__EXERCISE DIRECTIONS__
The output is the lines below from the one with "I don't have" through the one with "The straight leg", both included, printed exactly and with no other line.
[SUPPLIED INFORMATION Boundary: Start]
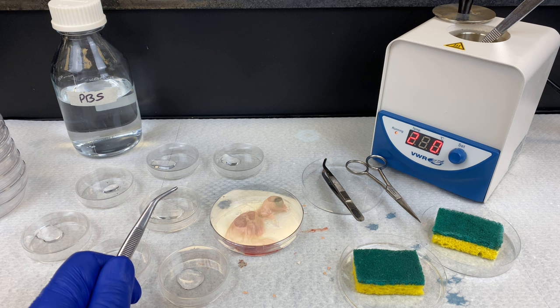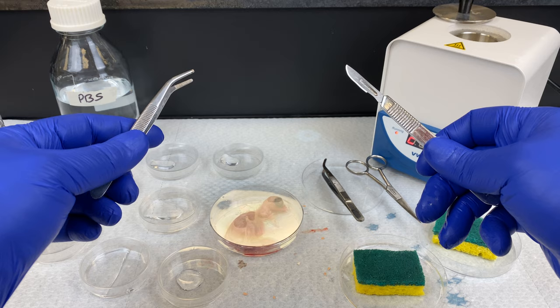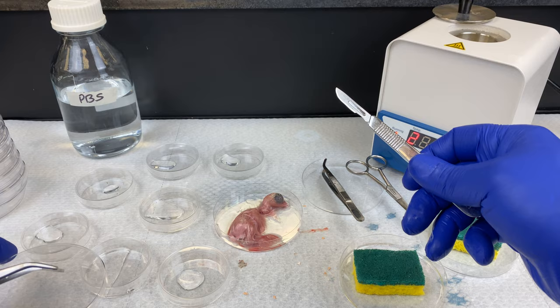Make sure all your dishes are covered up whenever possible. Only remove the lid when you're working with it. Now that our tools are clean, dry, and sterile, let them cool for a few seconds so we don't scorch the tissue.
[SUPPLIED INFORMATION Boundary: End]
[SUPPLIED INFORMATION Boundary: Start]
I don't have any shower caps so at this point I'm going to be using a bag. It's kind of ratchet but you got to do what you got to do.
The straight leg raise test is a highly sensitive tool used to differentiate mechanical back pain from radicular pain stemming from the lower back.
[SUPPLIED INFORMATION Boundary: End]
__ANSWER BOX__
I don't have any shower caps so at this point I'm going to be using a bag. It's kind of ratchet but you got to do what you got to do.
The straight leg raise test is a highly sensitive tool used to differentiate mechanical back pain from radicular pain stemming from the lower back.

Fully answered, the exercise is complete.